The Uncanny Power of Weird Fiction

From Leonora Carrington to Haruki Murakami, disparate writers tap into something universal when they channel the bizarre.

In volume one of Clive Barker’s Books of Blood series, the 1984 story “In the Hills, the Cities” describes how the citizenry of competing villages lash themselves together to form giant human figures as tall as skyscrapers, which wage bloody war upon each other in remote valleys. In Georg Heym’s 1913 story, “The Dissection,” a dead body in an autopsy room “quivers with happiness,” revealing a form of hidden life. Contemporary Finnish writer Leena Krohn’s novel, Tainaron, is told in letters from a nameless correspondent visiting a city lit by the glow of its residents: intelligent insects. The titular character of Haruki Murakami’s “Ice Man,” indeed made of ice, is changed in subtle yet powerful ways by a trip to a frozen land.

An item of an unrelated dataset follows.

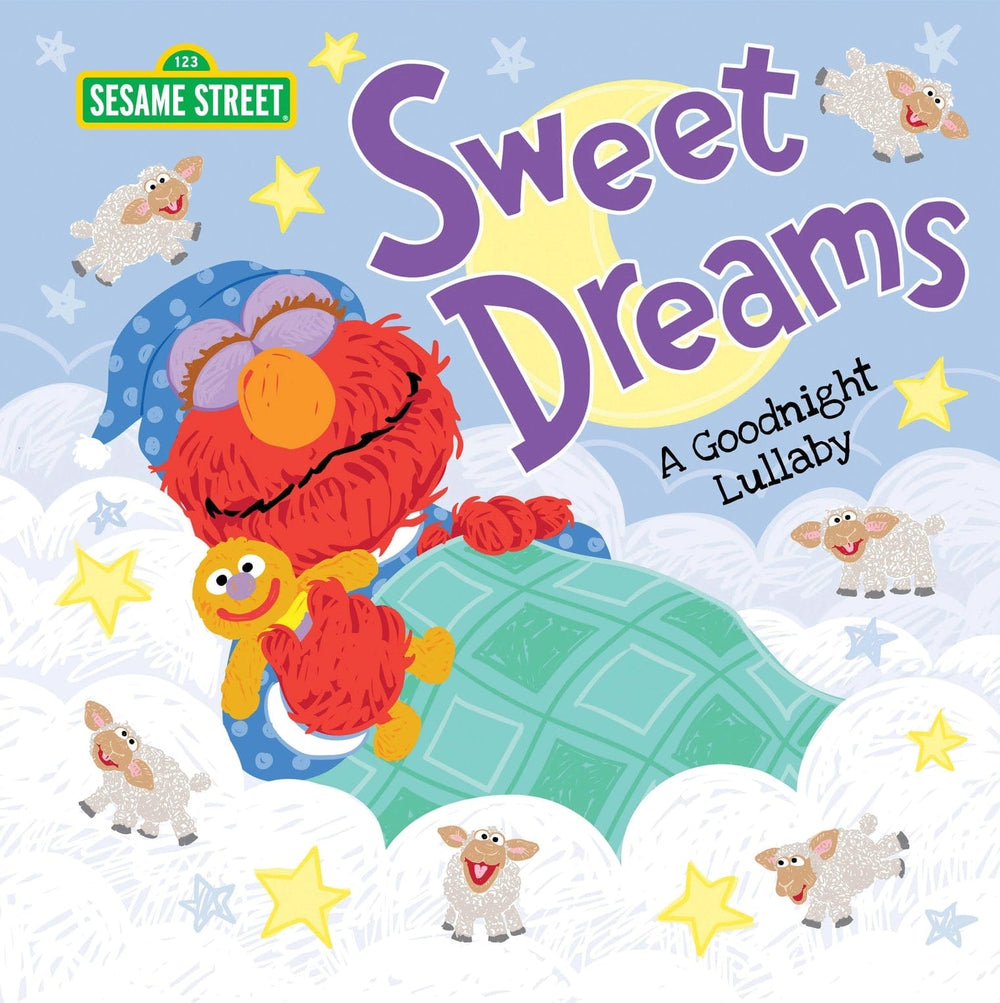 Sweet Dreams SourceBooks Lil Tulips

This is the realm of the uncanny, sometimes known as the weird tale, or literature of the strange. A country with no border, found in the spaces between, it glimmers and glints in such disparate sources as the work of Helen Oyeyemi, parts of Deborah Levy’s novel Beautiful Mutants, those stories of Jamaica Kincaid labeled “New Gothic,” and, in a more expected context, the eldritch darkness of the Mines of Moria and the Marshes of the Dead in J.R.R. Tolkien’s Lord of the Rings.

There’s a power and weight to this type of fiction, which fascinates by presenting a dark mystery beyond our ken and engaging the subconscious. Just as in real life, things don’t always quite add up, the narrative isn’t quite what we expected, and in that space we discover some of the most powerful evocations of what it means to be human or inhuman.

I thought I understood the world of weird, surreal fiction long before I co-edited the anthology The Weird with my wife Ann from 2010-11. I thought I knew, but didn’t, because creating a thousand-page tome covering one hundred years required my reading over four million words of fiction. The experience changed me fundamentally, in ways I’m only now beginning to understand.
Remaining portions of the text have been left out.